Growth and actinomycin production of S. antibioticus cultures. (A) Mycelial dry weights of 1-ml portions of cultures of S. antibioticus IMRU3720, JSE1980, and their derivatives were determined as described previously (16). (B) Actinomycin production was measured by ethyl acetate extraction of culture medium as described previously (16). Strains were grown from NZ-amine inocula on GGA medium. The NZ-amine cultures were grown with apramycin at 50 μg/ml, and the GGA cultures were grown without apramycin. Strains JSE1980/pJSE1995 and JSE1980/pIJ8600 were grown in the presence of 15 μg/ml thiostrepton to induce the tipA promoter.

Fig 4

Western blotting of mycelial extracts of S. antibioticus IMRU3720 and JSE1980. Mycelial extracts were prepared and Western blotting was performed as described previously (28). Lane 1, authentic S. coelicolor RNase III (arrow), 75 ng; lanes 2 to 5, 50 μg of mycelial extracts from IMRU3720 grown for 12, 24, 51, and 72 h (HR) on GGA medium; lanes 6 to 8, 50 μg of mycelial extracts from JSE1980 grown for 12, 51, and 72 h on GGA medium.

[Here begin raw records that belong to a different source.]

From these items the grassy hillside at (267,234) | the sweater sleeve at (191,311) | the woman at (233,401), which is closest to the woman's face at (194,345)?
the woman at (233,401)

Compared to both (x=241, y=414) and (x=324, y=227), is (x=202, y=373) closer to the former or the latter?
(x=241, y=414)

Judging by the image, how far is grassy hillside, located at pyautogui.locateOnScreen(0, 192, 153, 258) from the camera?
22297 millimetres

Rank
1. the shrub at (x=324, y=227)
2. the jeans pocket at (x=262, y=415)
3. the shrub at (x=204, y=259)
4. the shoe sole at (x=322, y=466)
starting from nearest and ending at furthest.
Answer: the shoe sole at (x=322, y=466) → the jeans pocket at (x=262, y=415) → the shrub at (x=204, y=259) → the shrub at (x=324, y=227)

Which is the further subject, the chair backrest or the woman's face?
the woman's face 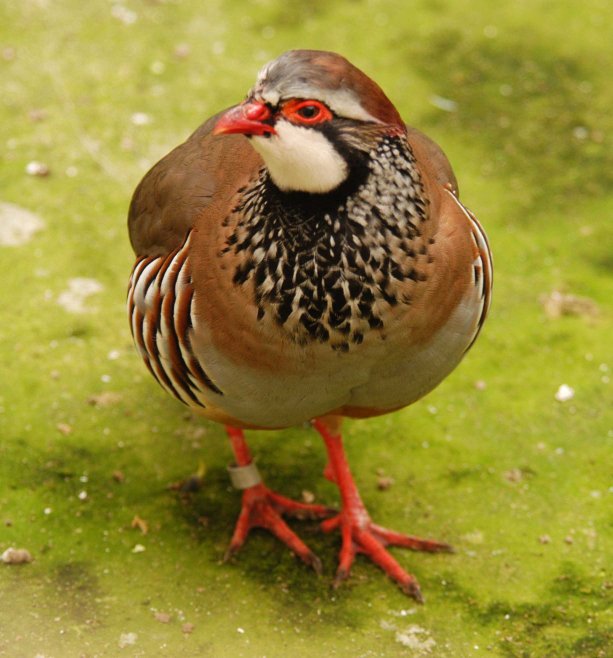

In these experiments, the NZ-amine medium used for the JSE1980 cultures contained 50 μg/ml of apramycin. The GGA cultures were all grown without apramycin. To avoid the possibility of contamination of the mycelial extracts by leakage from the standard well, the RNase III standard was run on a separate gel and the picture of the standard shown in lane 1 was pasted onto the figure from a separate Western blot.

Fig 5

Determination of the chemical half-lives of bulk mRNA from various S. antibioticus strains. Cultures were grown as described in Materials and Methods, and rifampin was used to inhibit RNA synthesis following pulse-labeling with [³H]uridine. The data in the figure are derived from duplicate assays and are expressed as means ± standard errors of the means.